Australian politician (born 1974)

Tracey Price (born 1974) is a lawyer, businesswoman, mediator and Labor's Lord Mayoral Candidate for the 2024 Brisbane City Council Election.

Price is a member of the Labor Left. She was identified as a potential contender in June, and endorsed as the party's mayoral candidate on 4 August 2023, after winning a preselection ballot. Labor reportedly expected Price to see a more successful campaign than previous candidate Patrick Condren, whose campaign saw the LNP-controlled Brisbane City Council gain vote share, and maintain all its wards despite a swing towards Labor at the 2020 Queensland State Election.

== Campaign and policy ==
As candidate, Price has emphasised Labor's plan to make Brisbane 'climate resilient', focusing on an expanded green waste program and revegetation across the city, including in King George Square. In light of Brisbane's vulnerability to floods, the plan includes increased drainage funding and a renewed flood buy-back scheme for affected property. She has also expressed opposition to the 'over-commercialisation' of public spaces such as Victoria Park and Mt Coot-tha, in the context of the former's redevelopment.

In response to the national housing crisis and the Greens' proposed plan of rent freezes and vacancy levies, Price has outlined her plan to audit vacant land and stalled development, with a focus on "increasing density where it is well located", and penalising land banking.

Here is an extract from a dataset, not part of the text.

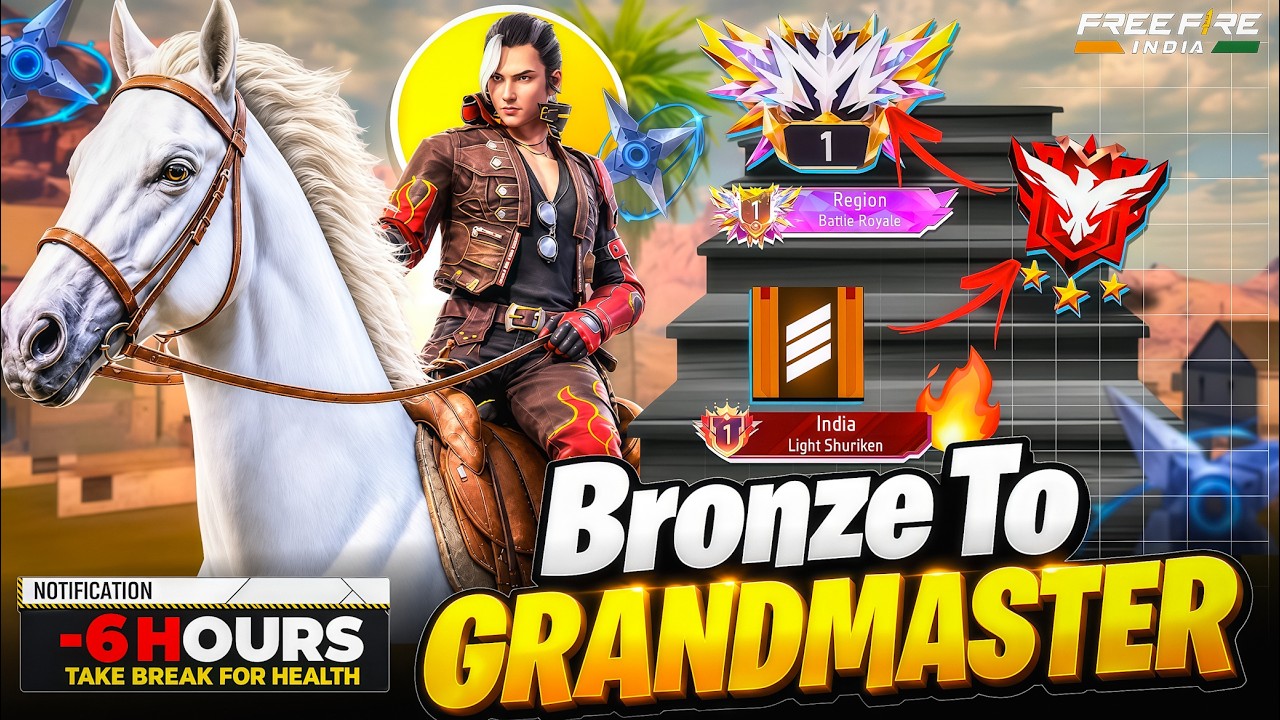 Bronze To Grandmaster 🔥 In New ID | No Gun Skin Challenge | Pushing For Weapon Title 🔫 Ep-4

Price has sustained criticism over the course of the election campaign. Commentators, including Spencer Howson, have labelled her as 'invisible', citing her absence of public presence prior to her pre-selection, in addition to her low profile in the months following, especially contrasted with the prominence of Greens leader Jonathan Sriranganathan. She has also been criticised for her broad deference to existing Labor party platform, and has had to reconcile with State Labor policy. For example, Price was reportedly 'undecided' as to her position on the state government's broadly unpopular proposed Gabba redevelopment project. She has emphasised community feedback would be the priority in the event of such conflicts, pointing to Labor councillors' opposition to the state government's Temporary Local Planning Instrument for the Kurilpa Peninsula as evidence of such.

== Personal life ==
Price lives in North Brisbane with her husband and three children. She is a lawyer, a mediator and owns a sewing store in Chermside.